You can use ``timezone.is_localized()`` and ``timezone.is_naive()`` to determine whether datetimes are aware or naive.
Because Airflow uses time-zone-aware datetime objects. If your code creates datetime objects they need to be aware too.
.. code-block:: python
from airflow.utils import timezone
now = timezone.utcnow()
a_date = timezone.datetime(2017,1,1)
Interpretation of naive datetime objects
''''''''''''''''''''''''''''''''''''''''
Although Airflow operates fully time zone aware, it still accepts naive date time objects for ``start_dates``
and ``end_dates`` in your DAG definitions. This is mostly in order to preserve backwards compatibility. In
case a naive ``start_date`` or ``end_date`` is encountered the default time zone is applied. It is applied
in such a way that it is assumed that the naive date time is already in the default time zone. In other
words if you have a default time zone setting of ``Europe/Amsterdam`` and create a naive datetime ``start_date`` of
``datetime(2017,1,1)`` it is assumed to be a ``start_date`` of Jan 1, 2017 Amsterdam time.
.. code-block:: python
default_args=dict(
start_date=datetime(2016, 1, 1),
owner='airflow'
)
dag = DAG('my_dag', default_args=default_args)
op = DummyOperator(task_id='dummy', dag=dag)
print(op.owner) # Airflow
Unfortunately, during DST transitions, some datetimes dont exist or are ambiguous.
In such situations, pendulum raises an exception. Thats why you should always create aware
datetime objects when time zone support is enabled.
In practice, this is rarely an issue. Airflow gives you aware datetime objects in the models and DAGs, and most often,
new datetime objects are created from existing ones through timedelta arithmetic. The only datetime thats often
created in application code is the current time, and ``timezone.utcnow()`` automatically does the right thing.
Default time zone
'''''''''''''''''
The default time zone is the time zone defined by the ``default_timezone`` setting under ``[core]``. If
you just installed Airflow it will be set to ``utc``, which is recommended. You can also set it to
``system`` or an IANA time zone (e.g.``Europe/Amsterdam``). DAGs are also evaluated on Airflow workers,
it is therefore important to make sure this setting is equal on all Airflow nodes.
.. code-block:: python
[core]
default_timezone = utc
.. note::
For more information on setting the configuration, see :doc:`howto/set-config`
Time zone aware DAGs
--------------------
Creating a time zone aware DAG is quite simple. Just make sure to supply a time zone aware ``start_date``
using ``pendulum``.
.. code-block:: python
import pendulum
local_tz = pendulum.timezone("Europe/Amsterdam")
default_args=dict(
start_date=datetime(2016, 1, 1, tzinfo=local_tz),
owner='airflow'
)
dag = DAG('my_tz_dag', default_args=default_args)

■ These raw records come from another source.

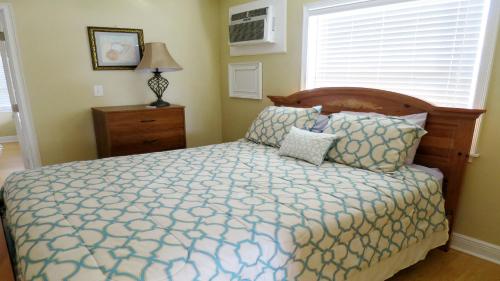 a bedroom with a bed and a window at Steps From Beach! Grill - Wif in Holmes Beach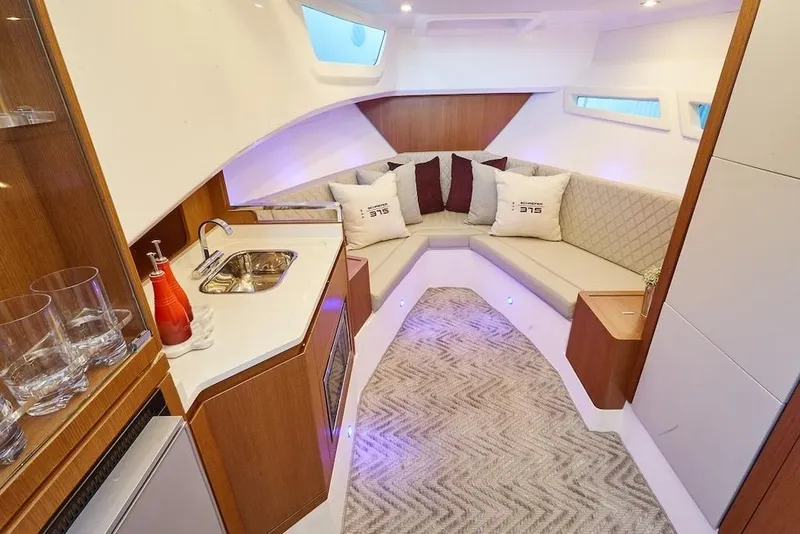 Slide: The Image of Luxurious interior of 2026 Schaefer 375 yacht with modern seating and kitchenette. - 18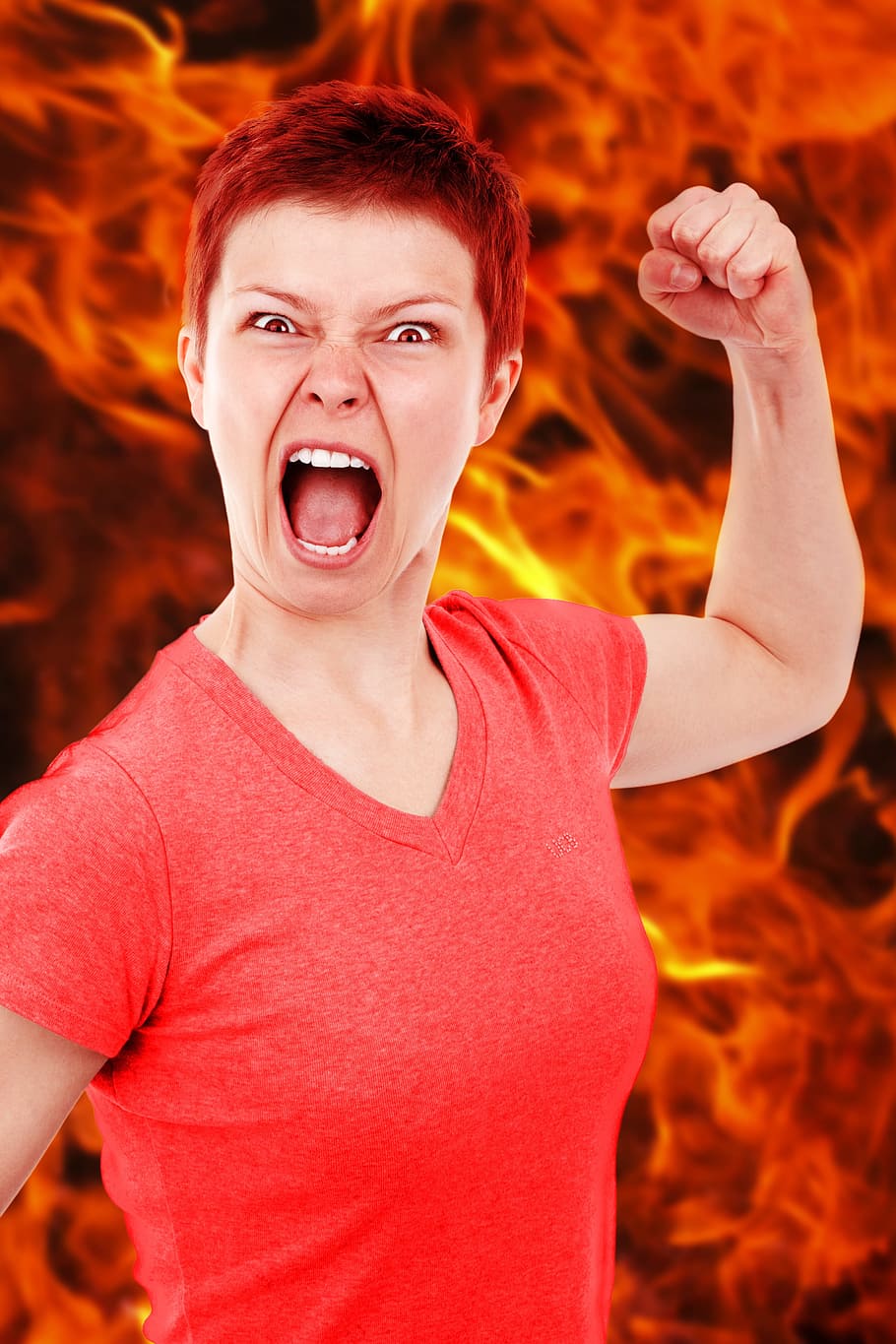 woman in red v-neck top with flame background, anger, angry, bad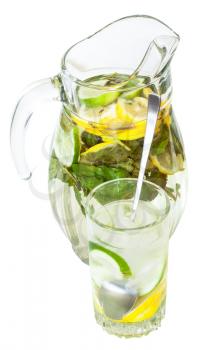 glass pitcher and tumbler with natural lemonade drink from lemon, lime, mint isolated on white background
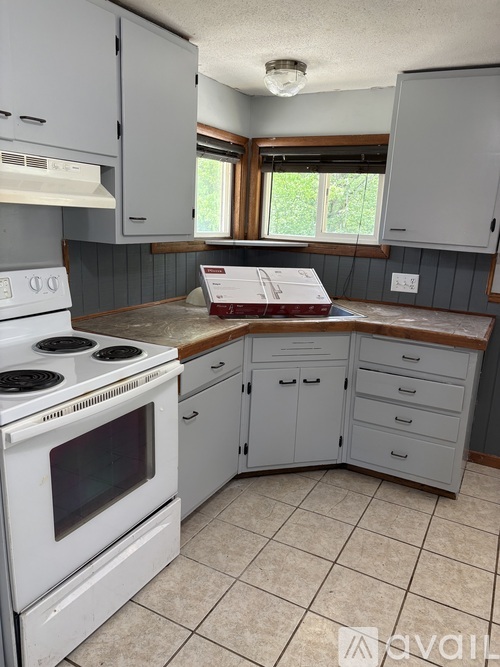 A kitchen with white appliances and cabinets.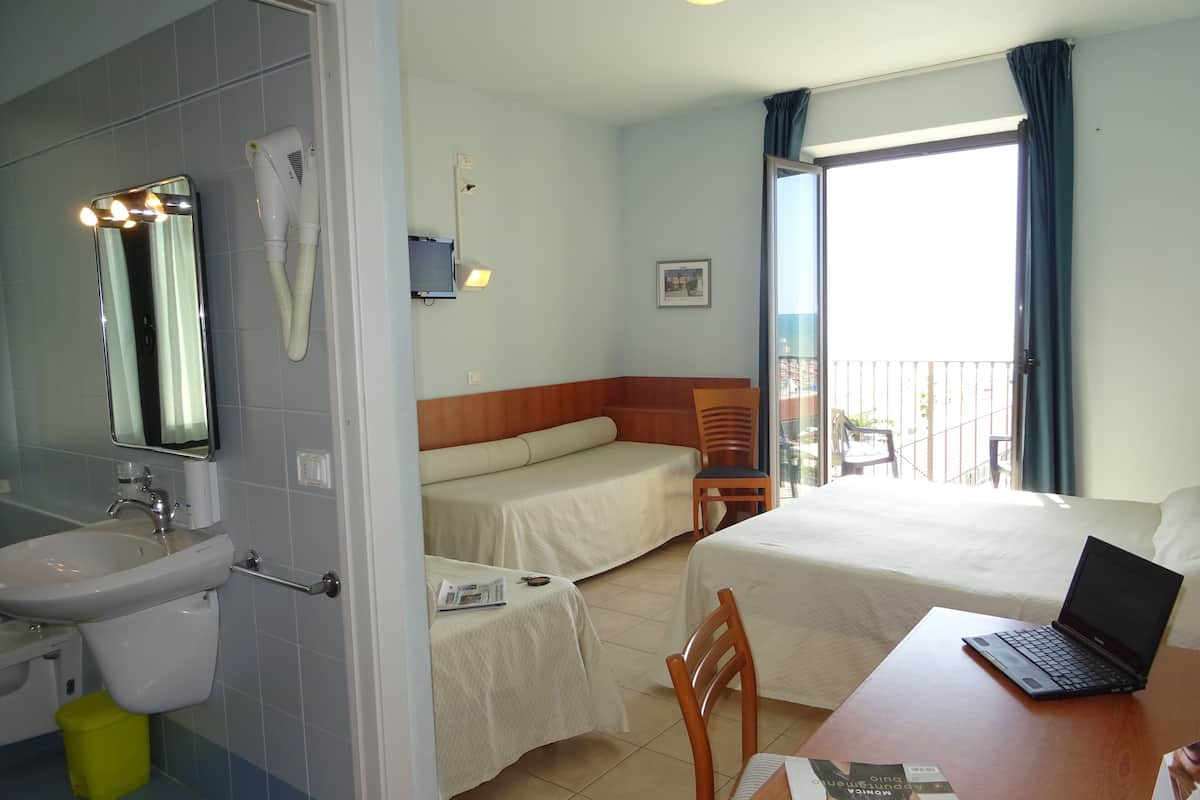 quadruple room, balcony, sea view | minibar, in-room safe, desk, blackout curtains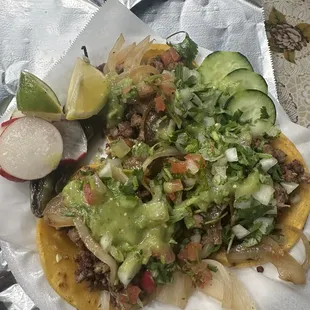 Carne asada tacos with grilled onions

op = DummyOperator(task_id='dummy', dag=dag)
print(dag.timezone) # <Timezone [Europe/Amsterdam]>
Please note that while it is possible to set a ``start_date`` and ``end_date`` for Tasks always the DAG timezone
or global timezone (in that order) will be used to calculate the next execution date. Upon first encounter
the start date or end date will be converted to UTC using the timezone associated with start_date or end_date,
then for calculations this timezone information will be disregarded.
Templates
'''''''''
Airflow returns time zone aware datetimes in templates, but does not convert them to local time so they remain in UTC.
It is left up to the DAG to handle this.
.. code-block:: python
import pendulum
local_tz = pendulum.timezone("Europe/Amsterdam")
local_tz.convert(execution_date)
Cron schedules
''''''''''''''
Time zone aware DAGs that use cron schedules respect daylight savings
time. For example, a DAG with a start date in the ``US/Eastern`` time zone
with a schedule of ``0 0 * * *`` will run daily at 04:00 UTC during
daylight savings time and at 05:00 otherwise.
Time deltas
'''''''''''
Time zone aware DAGs that use ``timedelta`` or ``relativedelta`` schedules
respect daylight savings time for the start date but do not adjust for
daylight savings time when scheduling subsequent runs. For example, a
DAG with a start date of ``pendulum.create(2020, 1, 1, tz="US/Eastern")``
and a schedule interval of ``timedelta(days=1)`` will run daily at 05:00
UTC regardless of daylight savings time.